Это, конечно, было не единственное издание, знакомившее читателей с ее произведениями (стихи Закусиной широко публиковались в различных сибирских и столичных журналах и альманахах — «Москва», «Молодая гвардия», «Нева», «Уральский следопыт», «Байкал», «Полярная Звезда», «Огни Кузбасса» и др.), но именно с «Сибирскими огнями» в дальнейшем будет связана большая часть ее творческой судьбы.

Количество постепенно переходило в качество. Газетно-журнальные публикации со временем складывались в поэтические сборники, первым из которых как раз и был «Мой светлый день». За ним через четыре года последует «У сентября спокойное лицо» (1976). Они-то и стали «пропуском» Закусиной в Союз писателей. А ко времени нашего знакомства и того памятного интервью Нелли Михайловна уже работала над четвертой книжкой под названием «Свет любви» (1979), которую по выходе подарит мне с автографом: «Алексею Горшенину на долгую службу и дружбу».

К этому моменту, словно бы подтверждая правоту народной мудрости о том, что «гора с горой не сходится, а человек с человеком…», жизнь снова свела нас с Нелей Михайловной — теперь уже надолго. В начале 1979-го я был принят на работу в «Сибирские огни» редактором отдела прозы, которым заведовала теперь… Закусина. А поскольку отношения у нас в отделе складывались вполне товарищеские, то и смысл дарственной надписи тоже, думаю, предельно ясен и недвусмыслен.

С выходом книги «Свет любви» поэтическое формирование и становление Нелли Закусиной в целом завершилось, как лирик с собственным голосом и «физиономией» она состоялась. А дальше шло уже профессиональное совершенствование и шлифовка мастерства.

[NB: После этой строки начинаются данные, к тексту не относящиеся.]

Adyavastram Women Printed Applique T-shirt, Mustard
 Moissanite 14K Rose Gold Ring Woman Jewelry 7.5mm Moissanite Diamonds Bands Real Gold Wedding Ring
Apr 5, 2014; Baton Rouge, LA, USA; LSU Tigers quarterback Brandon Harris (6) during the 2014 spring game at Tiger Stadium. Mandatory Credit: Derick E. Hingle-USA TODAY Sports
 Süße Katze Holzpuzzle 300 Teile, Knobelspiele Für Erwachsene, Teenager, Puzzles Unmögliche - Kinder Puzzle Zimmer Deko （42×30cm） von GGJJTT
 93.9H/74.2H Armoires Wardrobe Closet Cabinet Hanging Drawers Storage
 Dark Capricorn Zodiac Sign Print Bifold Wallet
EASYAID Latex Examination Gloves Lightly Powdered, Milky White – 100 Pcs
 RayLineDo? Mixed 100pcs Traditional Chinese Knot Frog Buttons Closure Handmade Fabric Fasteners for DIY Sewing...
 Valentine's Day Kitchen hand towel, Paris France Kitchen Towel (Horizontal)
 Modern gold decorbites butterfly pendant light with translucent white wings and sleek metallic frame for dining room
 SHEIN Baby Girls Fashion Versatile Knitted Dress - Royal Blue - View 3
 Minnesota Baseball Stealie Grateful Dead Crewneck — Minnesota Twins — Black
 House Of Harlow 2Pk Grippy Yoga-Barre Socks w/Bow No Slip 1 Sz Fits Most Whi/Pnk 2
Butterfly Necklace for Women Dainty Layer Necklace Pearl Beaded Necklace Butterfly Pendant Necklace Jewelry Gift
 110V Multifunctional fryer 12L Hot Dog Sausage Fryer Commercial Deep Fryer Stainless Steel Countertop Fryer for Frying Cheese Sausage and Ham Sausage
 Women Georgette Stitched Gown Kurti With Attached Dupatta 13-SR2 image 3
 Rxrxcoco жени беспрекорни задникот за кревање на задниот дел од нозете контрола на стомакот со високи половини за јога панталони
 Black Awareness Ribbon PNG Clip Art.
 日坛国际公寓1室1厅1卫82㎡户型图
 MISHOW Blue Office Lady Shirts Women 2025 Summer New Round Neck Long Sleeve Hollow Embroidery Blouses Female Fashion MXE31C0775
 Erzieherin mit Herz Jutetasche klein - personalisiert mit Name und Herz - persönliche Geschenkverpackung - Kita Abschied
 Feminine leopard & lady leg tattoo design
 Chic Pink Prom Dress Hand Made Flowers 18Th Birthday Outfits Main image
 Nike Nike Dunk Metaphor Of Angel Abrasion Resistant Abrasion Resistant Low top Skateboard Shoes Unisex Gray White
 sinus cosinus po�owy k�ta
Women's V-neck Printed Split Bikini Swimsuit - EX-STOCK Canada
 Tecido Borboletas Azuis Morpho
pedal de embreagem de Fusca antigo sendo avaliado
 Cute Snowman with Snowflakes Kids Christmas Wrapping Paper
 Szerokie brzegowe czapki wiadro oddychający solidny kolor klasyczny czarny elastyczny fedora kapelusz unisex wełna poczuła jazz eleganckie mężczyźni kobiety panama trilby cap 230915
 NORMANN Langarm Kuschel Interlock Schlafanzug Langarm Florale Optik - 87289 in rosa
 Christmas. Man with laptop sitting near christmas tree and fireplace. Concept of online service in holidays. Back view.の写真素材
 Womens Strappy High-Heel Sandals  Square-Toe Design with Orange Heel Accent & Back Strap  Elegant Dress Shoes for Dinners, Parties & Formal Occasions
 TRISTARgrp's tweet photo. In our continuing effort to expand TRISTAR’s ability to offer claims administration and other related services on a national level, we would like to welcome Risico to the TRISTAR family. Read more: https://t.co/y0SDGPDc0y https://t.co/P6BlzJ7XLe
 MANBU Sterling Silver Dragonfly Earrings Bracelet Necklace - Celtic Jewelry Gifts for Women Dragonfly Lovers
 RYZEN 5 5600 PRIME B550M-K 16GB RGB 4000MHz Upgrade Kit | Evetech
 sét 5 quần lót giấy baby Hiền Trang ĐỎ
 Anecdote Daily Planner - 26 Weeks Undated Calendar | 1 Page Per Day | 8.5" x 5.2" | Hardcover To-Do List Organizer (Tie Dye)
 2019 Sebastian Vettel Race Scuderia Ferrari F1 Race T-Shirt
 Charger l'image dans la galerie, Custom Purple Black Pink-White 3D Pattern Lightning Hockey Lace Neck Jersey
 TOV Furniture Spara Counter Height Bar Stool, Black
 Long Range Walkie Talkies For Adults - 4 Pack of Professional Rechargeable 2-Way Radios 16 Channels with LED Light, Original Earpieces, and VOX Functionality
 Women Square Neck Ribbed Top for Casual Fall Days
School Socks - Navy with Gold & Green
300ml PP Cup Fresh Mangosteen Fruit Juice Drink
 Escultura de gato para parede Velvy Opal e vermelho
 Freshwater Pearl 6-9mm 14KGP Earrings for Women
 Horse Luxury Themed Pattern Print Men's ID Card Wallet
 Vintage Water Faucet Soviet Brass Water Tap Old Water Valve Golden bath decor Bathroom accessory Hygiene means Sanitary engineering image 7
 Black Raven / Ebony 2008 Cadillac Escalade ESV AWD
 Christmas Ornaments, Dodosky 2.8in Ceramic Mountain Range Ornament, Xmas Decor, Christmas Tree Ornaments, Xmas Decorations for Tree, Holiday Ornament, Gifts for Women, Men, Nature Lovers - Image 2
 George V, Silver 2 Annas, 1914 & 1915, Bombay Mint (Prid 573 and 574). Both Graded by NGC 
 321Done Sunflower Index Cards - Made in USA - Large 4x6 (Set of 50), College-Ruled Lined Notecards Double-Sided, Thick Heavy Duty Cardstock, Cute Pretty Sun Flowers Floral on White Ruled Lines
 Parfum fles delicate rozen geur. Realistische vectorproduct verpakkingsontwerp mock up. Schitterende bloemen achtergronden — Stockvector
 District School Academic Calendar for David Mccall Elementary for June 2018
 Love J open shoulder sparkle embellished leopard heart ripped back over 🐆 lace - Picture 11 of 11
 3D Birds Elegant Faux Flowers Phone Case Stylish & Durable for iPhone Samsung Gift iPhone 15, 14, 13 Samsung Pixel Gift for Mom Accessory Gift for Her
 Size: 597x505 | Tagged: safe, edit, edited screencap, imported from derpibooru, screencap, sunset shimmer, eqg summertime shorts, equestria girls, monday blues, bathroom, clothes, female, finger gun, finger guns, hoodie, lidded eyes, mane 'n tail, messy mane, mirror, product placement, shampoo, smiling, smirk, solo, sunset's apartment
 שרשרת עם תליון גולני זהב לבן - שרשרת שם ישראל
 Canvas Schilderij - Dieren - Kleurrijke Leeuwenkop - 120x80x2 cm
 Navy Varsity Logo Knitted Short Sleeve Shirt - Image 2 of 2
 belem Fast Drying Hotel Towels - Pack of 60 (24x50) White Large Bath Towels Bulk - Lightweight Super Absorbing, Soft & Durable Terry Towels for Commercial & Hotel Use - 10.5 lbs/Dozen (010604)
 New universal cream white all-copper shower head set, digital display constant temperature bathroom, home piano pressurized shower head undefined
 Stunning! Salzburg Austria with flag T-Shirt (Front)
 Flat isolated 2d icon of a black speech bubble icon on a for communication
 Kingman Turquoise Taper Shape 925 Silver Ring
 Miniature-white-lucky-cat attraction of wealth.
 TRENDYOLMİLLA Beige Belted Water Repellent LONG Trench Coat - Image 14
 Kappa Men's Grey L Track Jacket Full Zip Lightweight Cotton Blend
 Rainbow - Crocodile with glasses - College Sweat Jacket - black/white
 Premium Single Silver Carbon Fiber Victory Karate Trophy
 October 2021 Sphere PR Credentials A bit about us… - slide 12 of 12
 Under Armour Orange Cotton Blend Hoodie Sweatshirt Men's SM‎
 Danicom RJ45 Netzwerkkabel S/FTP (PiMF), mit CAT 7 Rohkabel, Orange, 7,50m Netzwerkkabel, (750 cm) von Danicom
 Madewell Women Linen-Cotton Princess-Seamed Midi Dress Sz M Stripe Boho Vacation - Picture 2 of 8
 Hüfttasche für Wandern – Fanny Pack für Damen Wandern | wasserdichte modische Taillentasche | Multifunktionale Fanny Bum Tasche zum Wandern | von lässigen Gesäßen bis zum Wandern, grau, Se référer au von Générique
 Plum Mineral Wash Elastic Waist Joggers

Существует расхожее мнение, что биография поэта — в его стихах. А иные стихотворцы так и вовсе, как говаривал один известный критик, «не могут оторваться от титьки биографизма». Но это не про Закусину. Да, появлялись и в ее поэтических произведениях далекие отзвуки собственной судьбы, но нигде не найдем мы в них прямых параллелей. Да, ее стихи и поэмы всегда очень личностны, но при этом никогда не автобиографичны. За исключением, пожалуй, нежного акварельного этюда «Как две вишенки дочки…», посвященного родным дочерям поэтессы.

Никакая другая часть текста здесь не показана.